## Dataset excerpt:
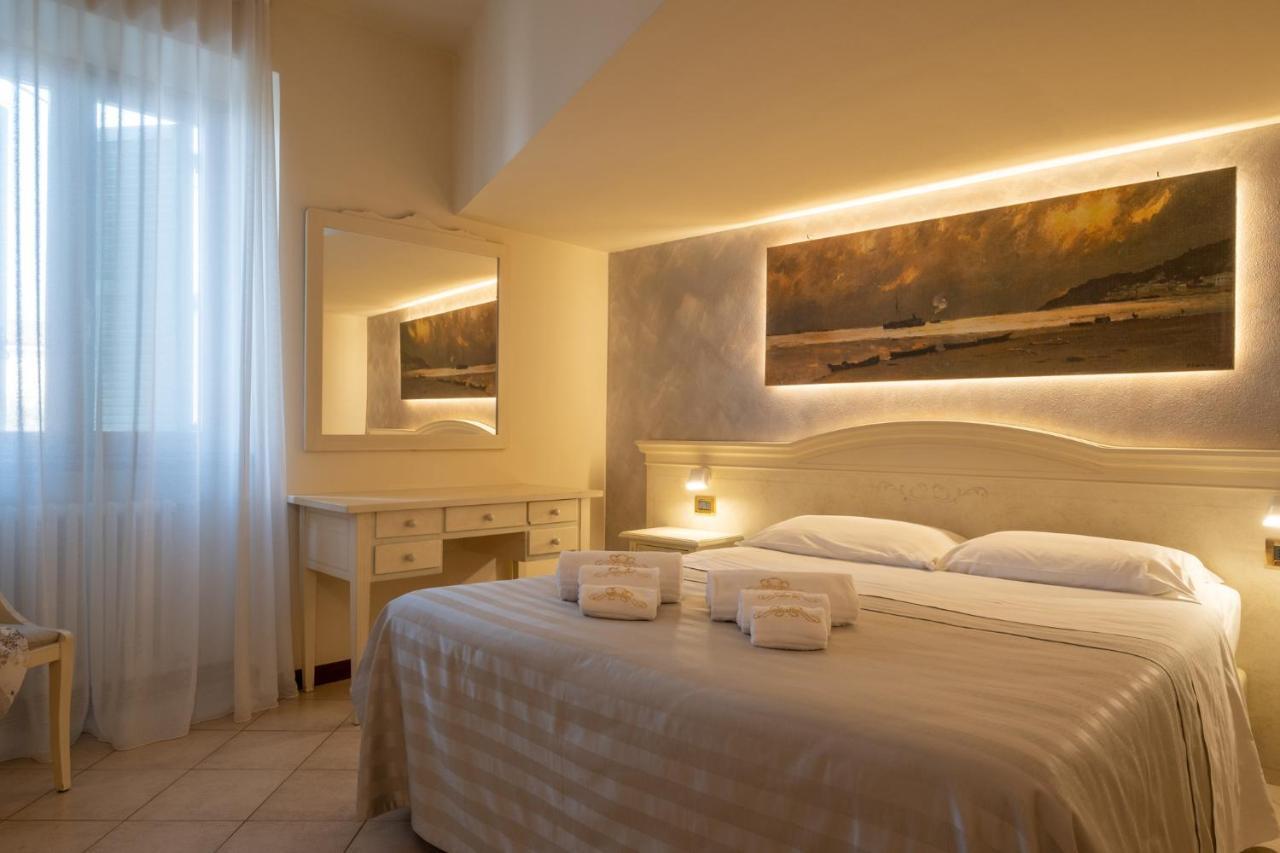 Hotel San Lorenzo Pozzolengo Buitenkant foto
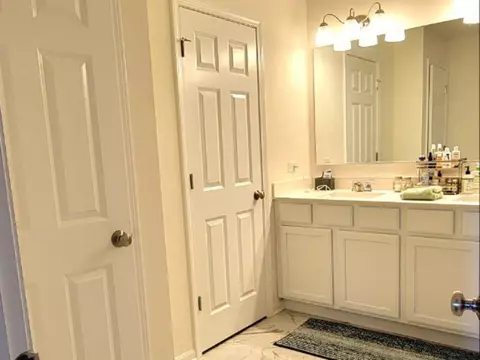 Bath - 26524 W Red Apple Rd, Plainfield, IL 60585 photo 3 of 4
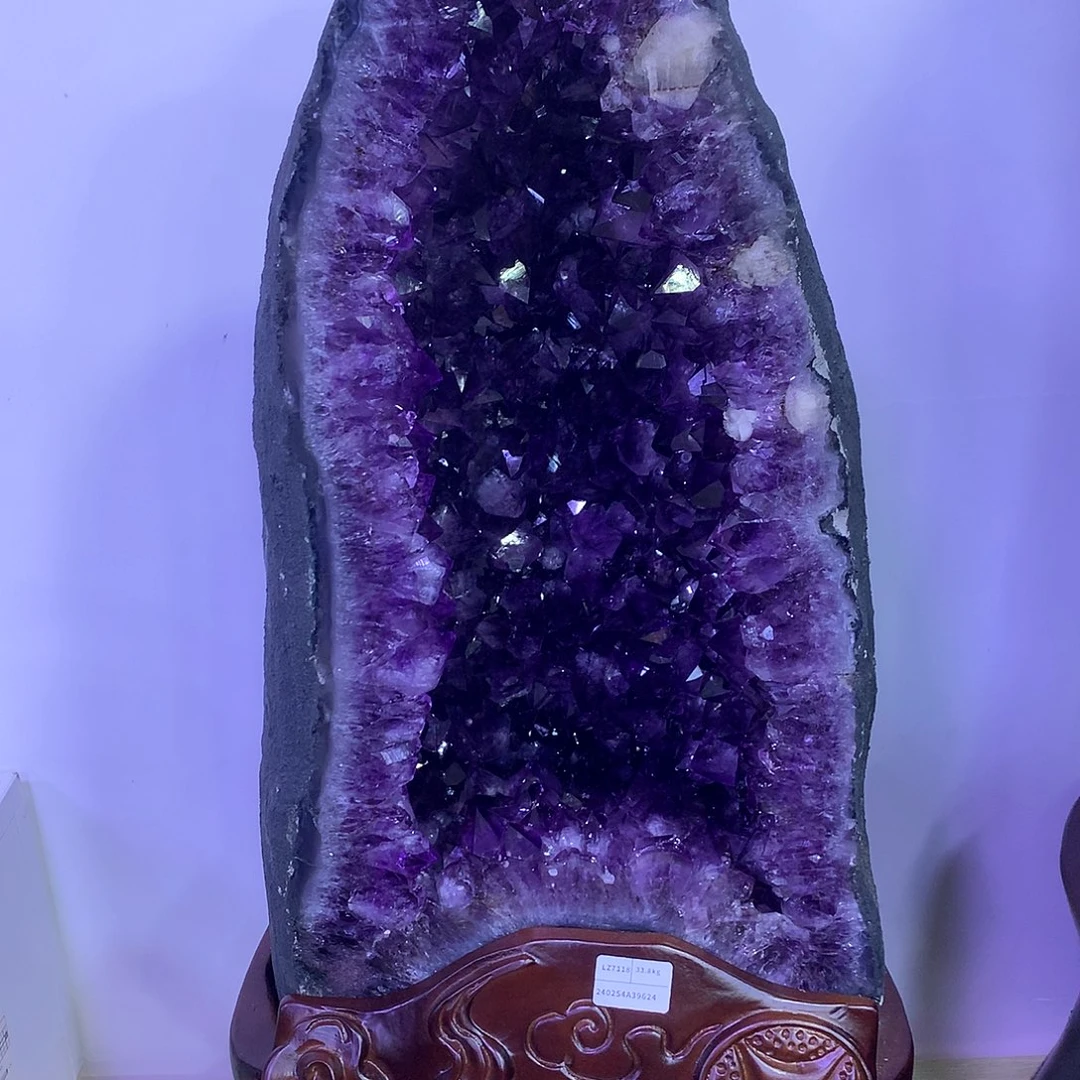 未镶嵌紫晶大型摆件（非配饰）就***惯桃子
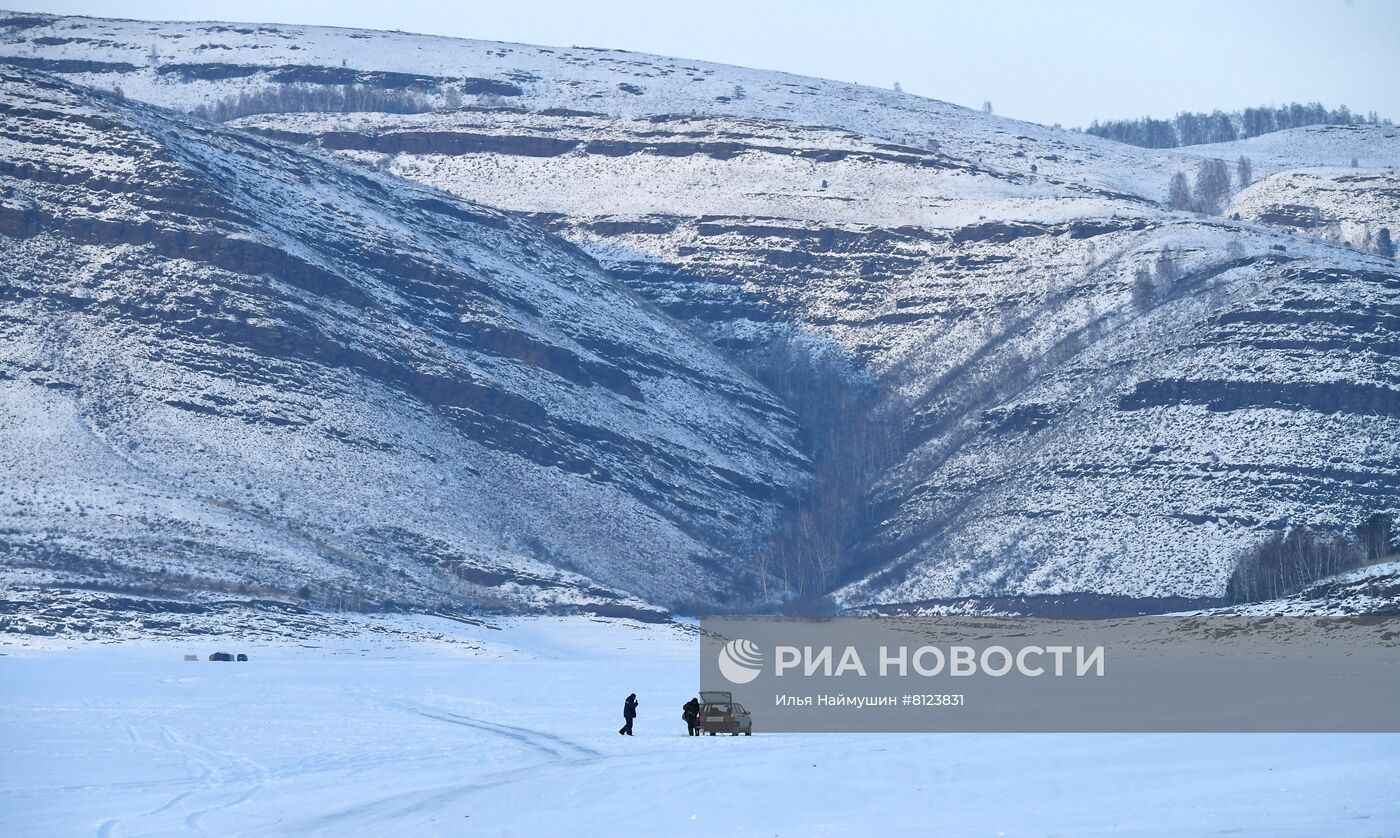 Ледовая переправа через Енисей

## Directions:
When you reach the line that contains "未镶嵌紫晶大型摆件（非配饰）就***惯桃子", start copying the listing word for word and stop only after its last line, without any pictures.

## Output of the task:
 未镶嵌紫晶大型摆件（非配饰）就***惯桃子
 Ледовая переправа через Енисей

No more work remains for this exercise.